Work instruction »
Filter the entries for lines with the word "Hotel".

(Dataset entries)
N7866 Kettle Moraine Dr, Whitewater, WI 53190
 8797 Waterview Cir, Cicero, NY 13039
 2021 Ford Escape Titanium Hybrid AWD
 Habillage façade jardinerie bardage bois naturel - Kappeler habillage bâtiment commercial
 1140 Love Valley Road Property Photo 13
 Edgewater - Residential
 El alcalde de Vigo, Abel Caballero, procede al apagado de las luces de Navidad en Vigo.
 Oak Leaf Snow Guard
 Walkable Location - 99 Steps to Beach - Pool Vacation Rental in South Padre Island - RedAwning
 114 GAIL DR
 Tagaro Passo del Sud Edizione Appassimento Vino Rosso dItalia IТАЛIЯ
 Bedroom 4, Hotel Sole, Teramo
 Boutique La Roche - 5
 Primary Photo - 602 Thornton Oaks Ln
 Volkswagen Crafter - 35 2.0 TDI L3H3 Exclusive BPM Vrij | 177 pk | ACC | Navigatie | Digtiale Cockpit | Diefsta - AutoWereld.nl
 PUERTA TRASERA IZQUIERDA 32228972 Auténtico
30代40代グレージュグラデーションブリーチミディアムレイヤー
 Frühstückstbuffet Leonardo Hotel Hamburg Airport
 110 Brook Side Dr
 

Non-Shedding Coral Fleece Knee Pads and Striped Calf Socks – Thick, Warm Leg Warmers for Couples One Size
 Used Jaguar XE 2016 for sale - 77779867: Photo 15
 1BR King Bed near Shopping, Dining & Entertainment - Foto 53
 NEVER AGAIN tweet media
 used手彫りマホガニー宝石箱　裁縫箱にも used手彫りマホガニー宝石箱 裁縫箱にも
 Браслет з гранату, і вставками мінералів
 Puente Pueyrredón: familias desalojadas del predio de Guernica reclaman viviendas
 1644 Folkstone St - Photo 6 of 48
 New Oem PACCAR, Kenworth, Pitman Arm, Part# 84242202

Output below »
 Bedroom 4, Hotel Sole, Teramo
 Frühstückstbuffet Leonardo Hotel Hamburg Airport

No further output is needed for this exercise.